Talvez eu esteja sendo radical com aquelas pessoas que escrevem para o bem e por Deus. Está certo. Mas, quando a religiosidade desova nesse rio de negócios, eu passo a desacreditar no autor. Minha fé vira estátua. E que ajuda mais frouxa: como fazer isso, como ser aquilo, como ganhar tal coisa, como atingir tal objetivo. Como se existisse uma receita para a felicidade. Que piada.

É que existe a fragilidade humana. Já ia me esquecendo. É que existe gente que se entrega a esse tipo de miséria mental. Gente que não sabe pensar direito, que não foi educada com dignidade e segurança, que não sabe andar de maneira esguia. Gente que não tem tanta culpa. Gente que, na falta do que ler e do que seguir, procura esse deus mesquinho da ajuda. A autêntica Literatura está arrepiada com essa postura comercialóide. 

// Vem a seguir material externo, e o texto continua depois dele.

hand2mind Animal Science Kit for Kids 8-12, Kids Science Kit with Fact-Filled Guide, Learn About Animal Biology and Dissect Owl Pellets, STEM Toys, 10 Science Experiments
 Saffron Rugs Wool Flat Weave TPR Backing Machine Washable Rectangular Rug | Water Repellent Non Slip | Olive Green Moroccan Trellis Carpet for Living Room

Alguns livros são até compreensíveis, mas eu nem quero suar para citá-los. Já que eles estão no bolo, na famigerada categoria do auxílio vão, deixo-os para lá, para a dentadura afiada das traças. Se eu pudesse, manteria um cativeiro de traças gordas e vermelhas, somente para destruir os livros de auto-ajuda.

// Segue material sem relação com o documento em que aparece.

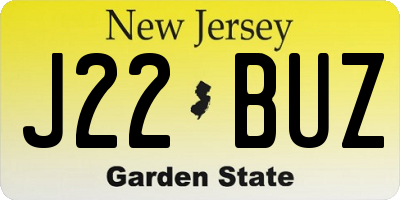 NJ license plate J22BUZ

“Traças, traças, atenção, convoco todas as traças do mundo: esses livros danosos são todos de vocês!”.

O mercado editorial, que não é besta, está à procura de escriturários fajutos. Dinheiro é isso. Qual é o vendedor de livros que quer saber de conteúdo? Ele quer saber de uma capinha agradável que atrai quem é burro. Ele quer saber do nome que está na primeira página, mais lustroso e famoso do que o próprio enredo, do que a própria obra.

Não posso chamar um escritor de livros fáceis de escritor. Seria demais. Ele é, na verdade, um comerciante frio, um marketeiro leviano, um parasita da indústria gráfica. Acaso ele sabe o que é ser literário? 

A Literatura é a Natureza para o emaranhado das letras. É ela quem propõe o ciclo, é ela quem supre as necessidades da vontade de escrever, é ela quem realiza as trocas de energia, é ela quem promove a lei da caça, é ela quem se transmuda em beleza. Que beleza, a Literatura. Quem sou eu para falar dela? Quem sou eu para estar nela? Quem somos?

Literatura é mundo transformado, é história, é o anúncio à humanidade de que algo de novo, de contundente foi estabelecido pelo pensamento, que virou fato, entranhado no ritmo das vidas. Perpetuação. A auto-ajuda, ao contrário, é um chiclete. É o descartável dentro de uma cabeça também descartável.

Quando se lê sem o compromisso da ajuda, acaba-se sendo ajudado. A ajuda escancarada, vendida, é que é mórbida: um zumbi, uma porta, um rato. Que ajuda sem sentido. Que falta do que dizer, do que inventar, do que falsificar.

Literatura não é somente caridade, vaidade, fama. Literatura é nascimento que se completa com o desejo de estar vivo, ali, no pára-quedas, na boca do tubarão. É campo minado, meu amigo.